Sentinel node mapping in endometrial cancer
Editorial Commentary

Sentinel node mapping in endometrial cancer

Giorgio Bogani, Antonino Ditto, Valentina Chiappa, Francesco Raspagliesi

Department of Gynecologic Oncology, IRCCS National Cancer Institute, Milan, Italy

Correspondence to: Giorgio Bogani, MD, PhD. Gynecologic Oncology Unit, National Cancer Institute, Via Venezian 1, 20133 Milan, Italy. Email: giorgio.bogani@istitutotumori.mi.it.

Provenance: This is an invited article commissioned by the Guest Section Editor Hengwei Liu, MD, PhD (Department of Obstetrics and Gynecology, Union Hospital, Tongji Medical College, Huazhong University of Science and Technology, Wuhan, China).

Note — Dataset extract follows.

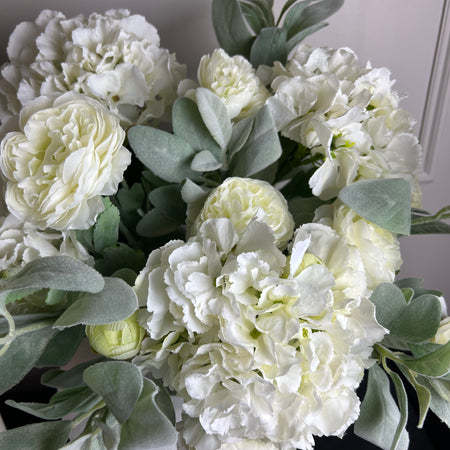 Bouquet arrangement 3 lambs ear white hydrangeas white ranunculus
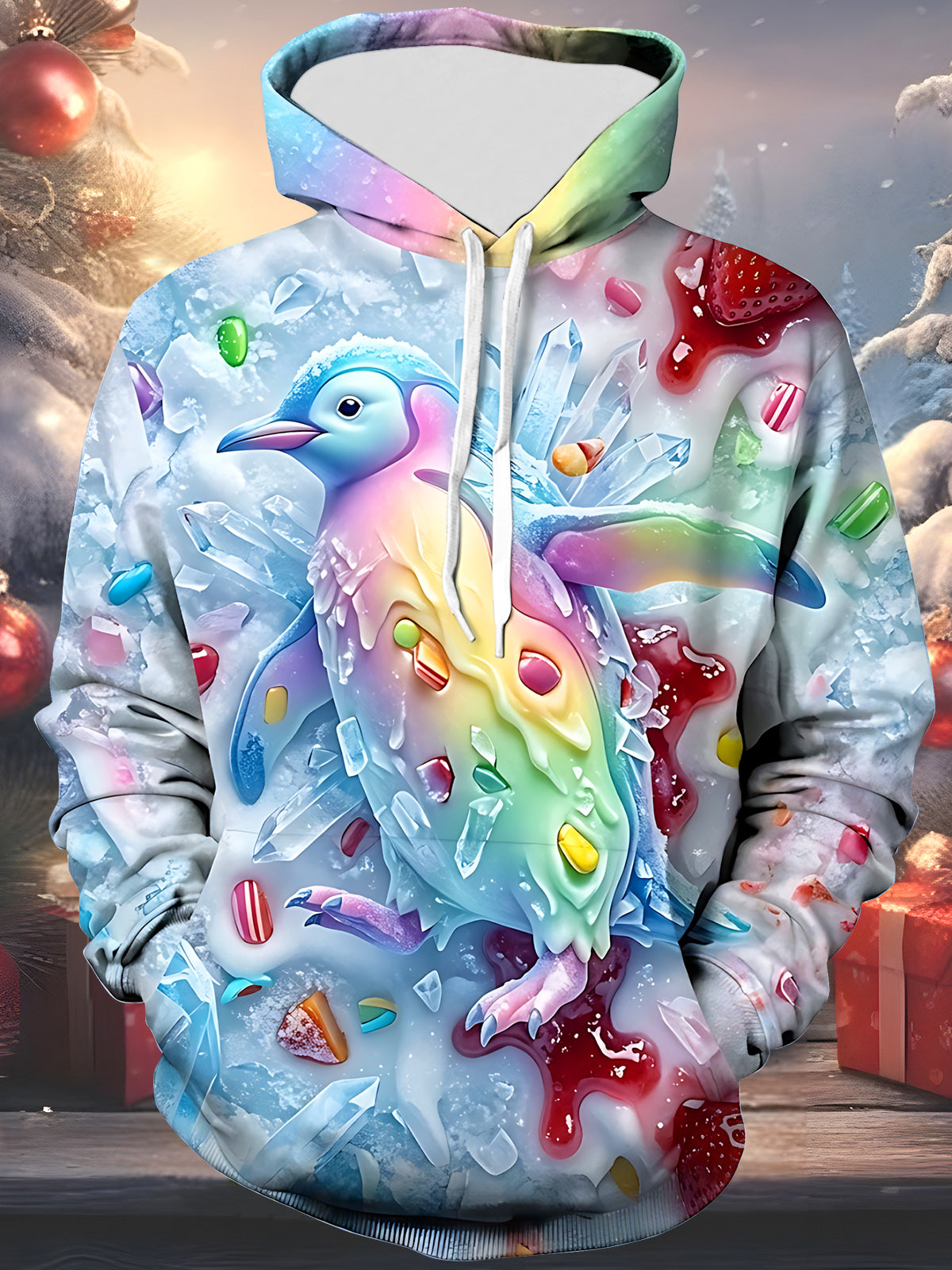 Oceanlyte Men's Rainbow Candy Penguin With Ice Crystals Print Long Sleeve Hoodie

Comment on: Farazestanian M, Yousefi Z, Zarifmahmoudi L, et al. Concordance Between Intracervical and Fundal Injections for Sentinel Node Mapping in Patients With Endometrial Cancer?: A Study Using Intracervical Radiotracer and Fundal Blue Dye Injections. Clin Nucl Med 2019;44:e123-e127.


Submitted Apr 07, 2019. Accepted for publication Apr 29, 2019.

doi: 10.21037/tcr.2019.04.23


Sentinel node mapping in endometrial cancer staging has gained popularity among gynecologic oncology community. Although endometrial cancer represents the most common gynecological malignancy in developed countries several features of its management are still objects of debates. In particular the role of lymphadenectomy is still unclear (1). Accumulating data underlined that sentinel node mapping is not inferior to conventional lymphadenectomy (2,3). However, sentinel node mapping seems to be superior to conventional lymphadenectomy. The adoption sentinel node mapping instead of lymphadenectomy reduces the risk of developing surgery-related morbidity. Moreover, sentinel node mapping allows detecting patients with low volume disease (i.e., micrometastases and isolated tumor cells) otherwise missing without pathological ultrastaging. Recent data underlined that low volume disease not identifiable with conventional lymphadenectomy accounts for 30% of all node positive endometrial cancer (4).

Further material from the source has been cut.